— INSTRUCTIONS FOR THE TASK —
The required output is the exact run of lines from the one bearing "The free-living unarmored" through the final line of the listing below, with the pictures removed.

------ SUPPLIED INFORMATION

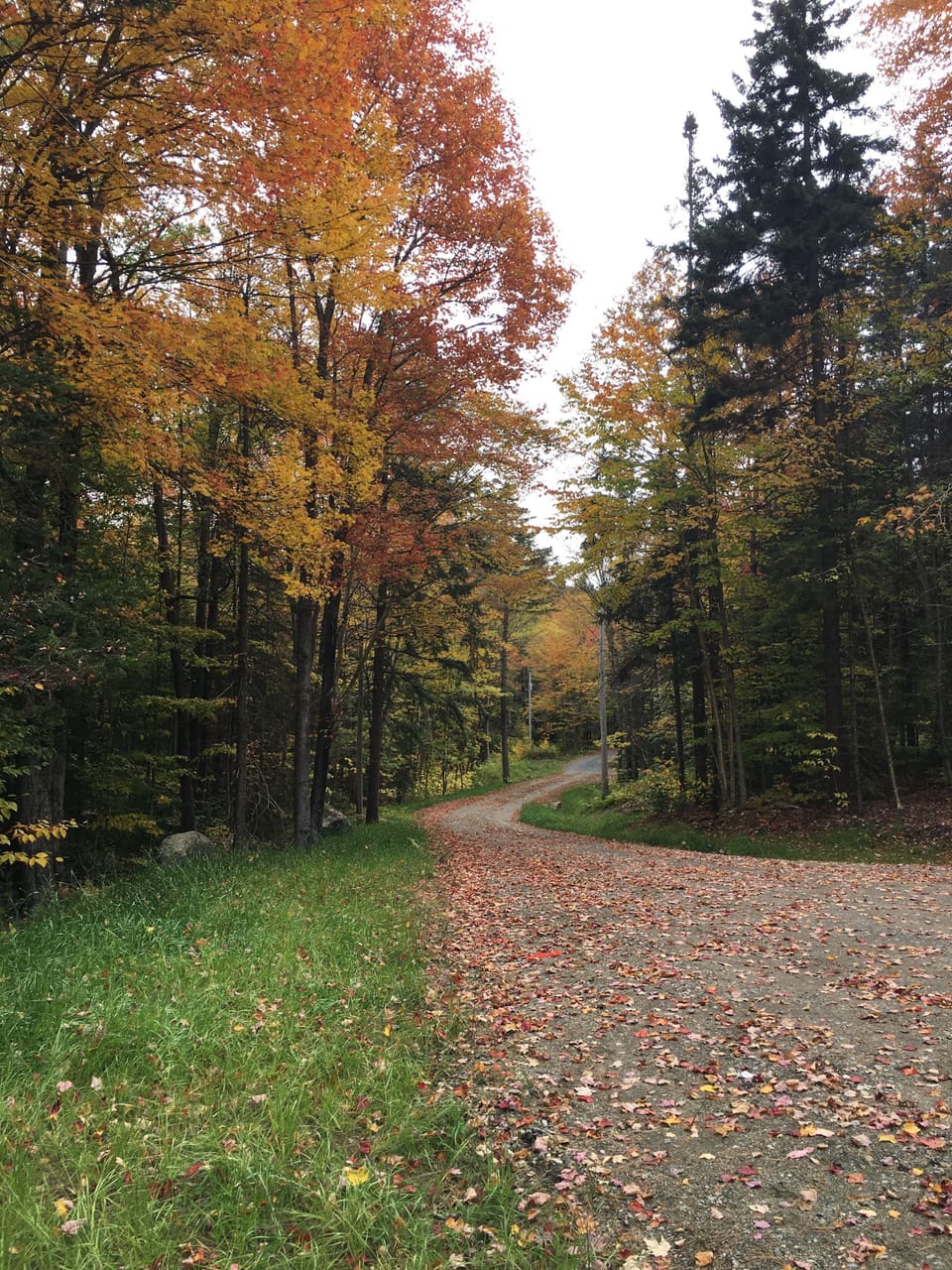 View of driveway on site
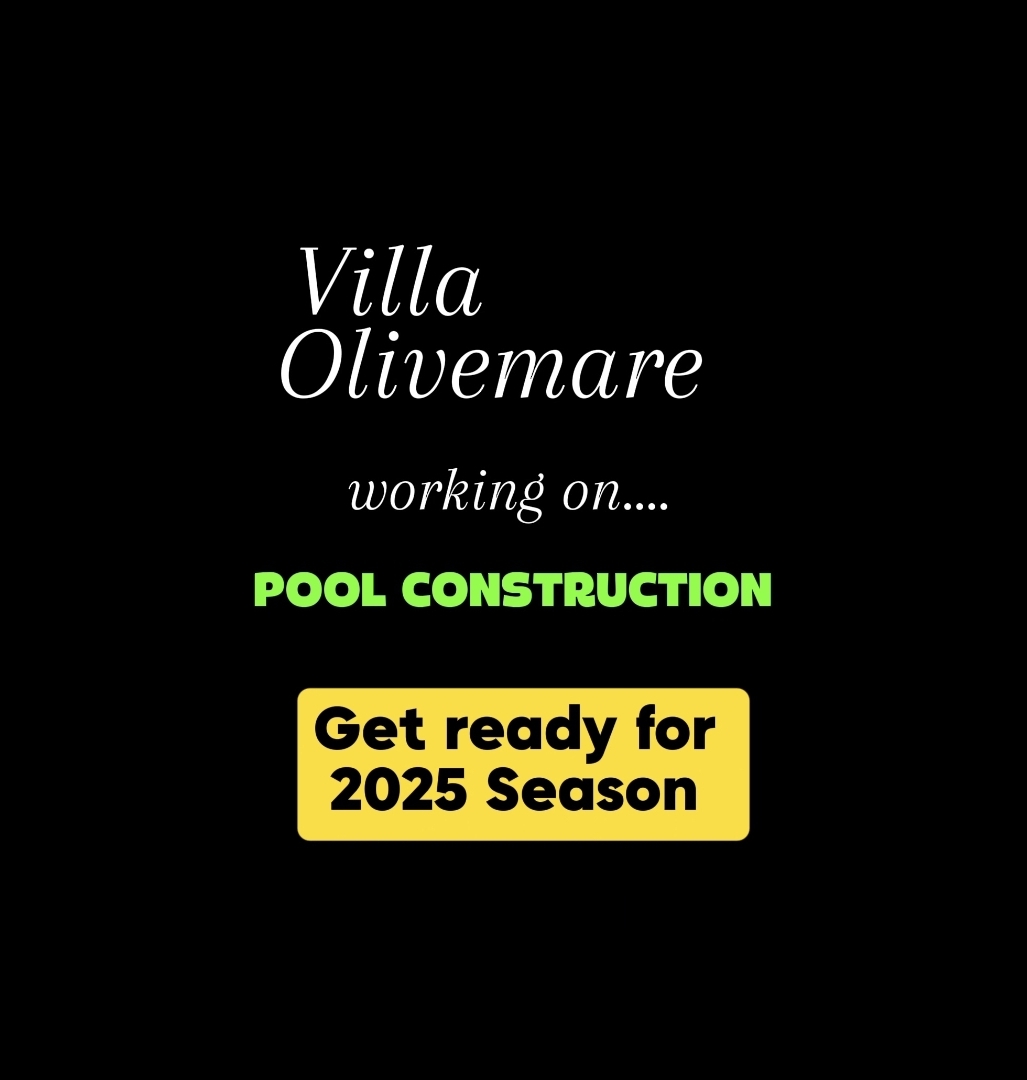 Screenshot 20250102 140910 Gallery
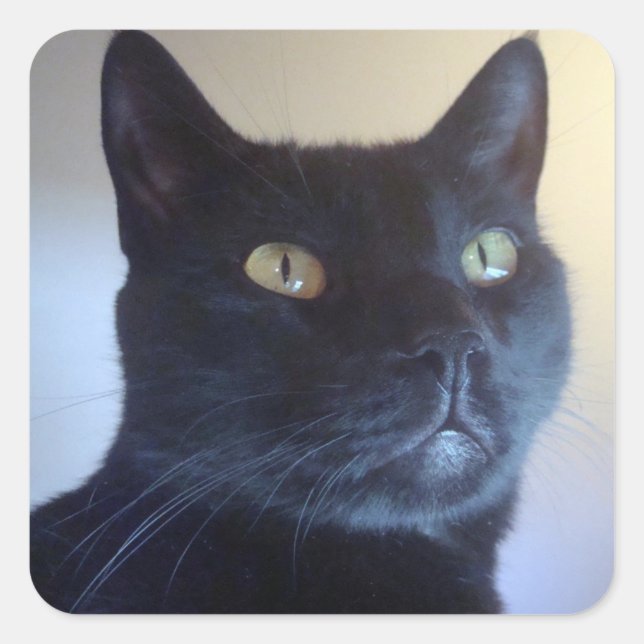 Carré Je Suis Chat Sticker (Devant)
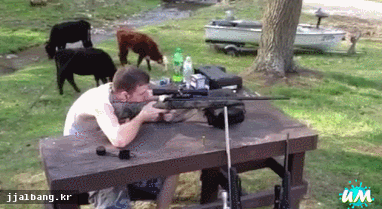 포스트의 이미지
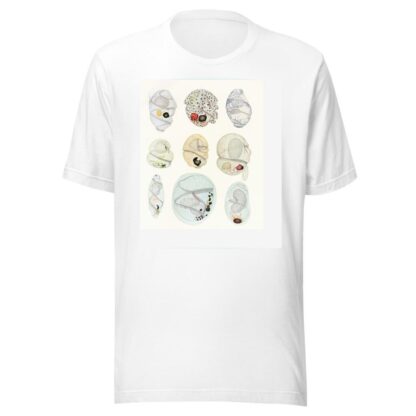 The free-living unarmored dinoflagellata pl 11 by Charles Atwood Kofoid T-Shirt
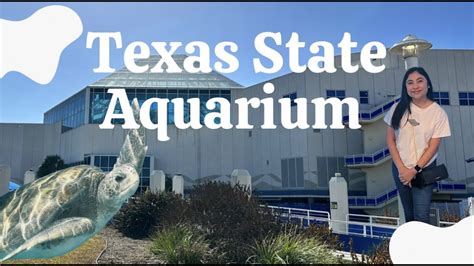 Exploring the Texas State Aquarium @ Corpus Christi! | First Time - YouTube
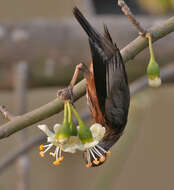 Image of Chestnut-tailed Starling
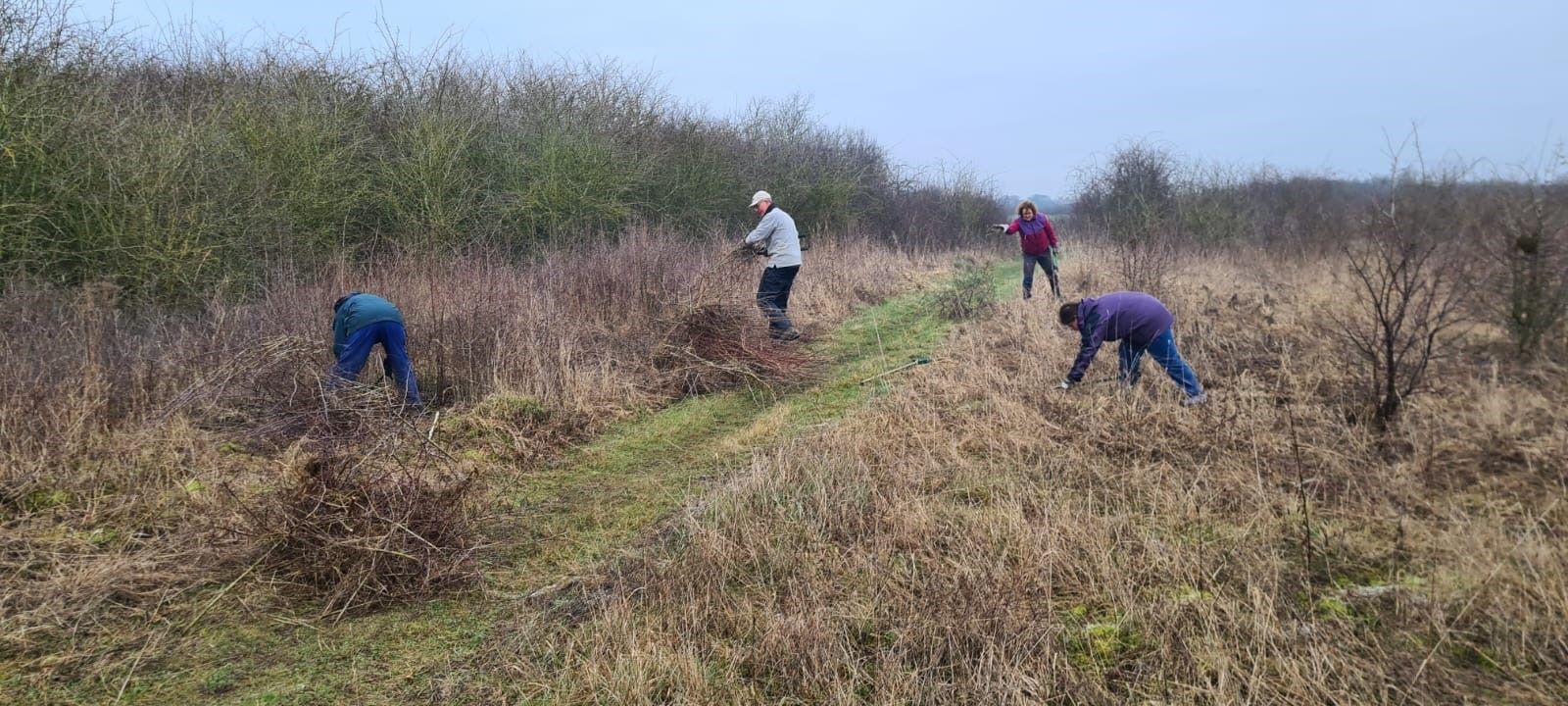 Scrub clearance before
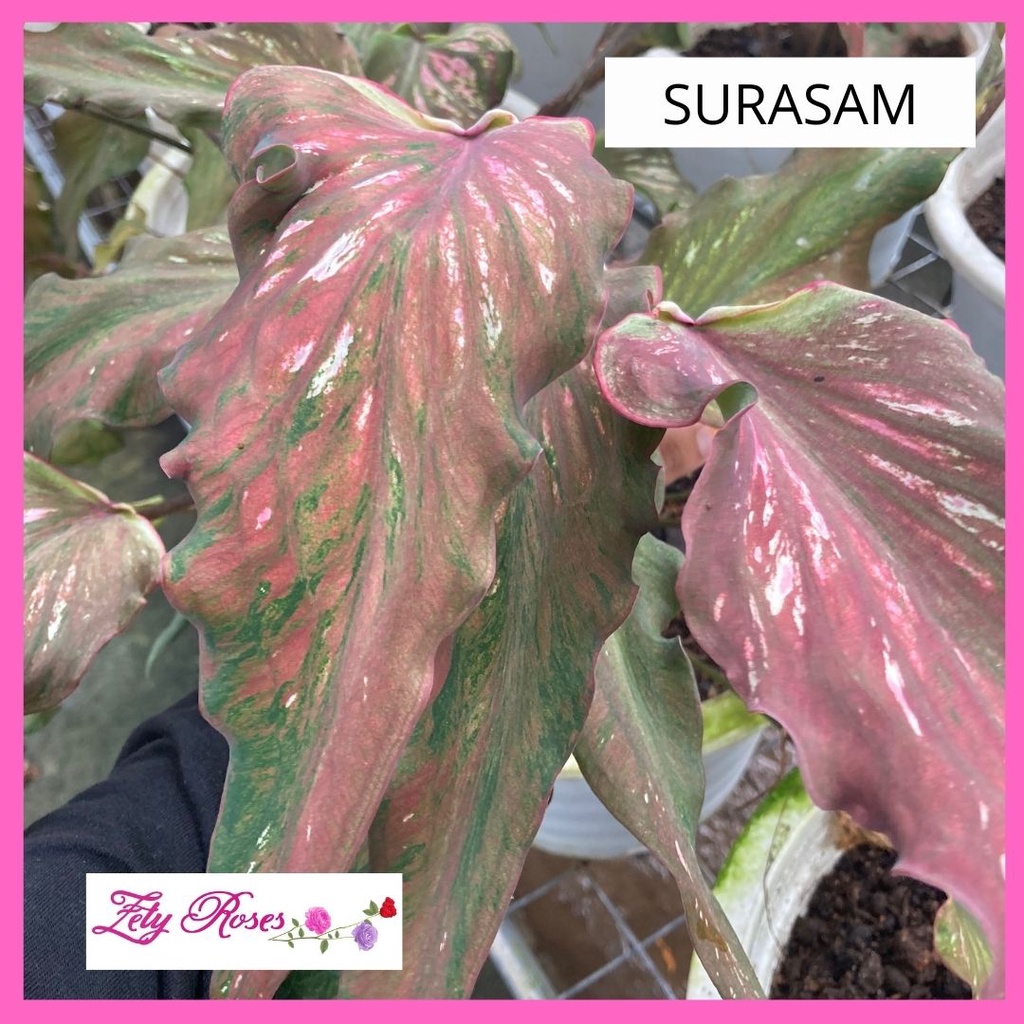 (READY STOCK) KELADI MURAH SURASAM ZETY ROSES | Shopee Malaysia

------------

— RESULT BELOW —
 The free-living unarmored dinoflagellata pl 11 by Charles Atwood Kofoid T-Shirt
 Exploring the Texas State Aquarium @ Corpus Christi! | First Time - YouTube
 Image of Chestnut-tailed Starling
 Scrub clearance before
 (READY STOCK) KELADI MURAH SURASAM ZETY ROSES | Shopee Malaysia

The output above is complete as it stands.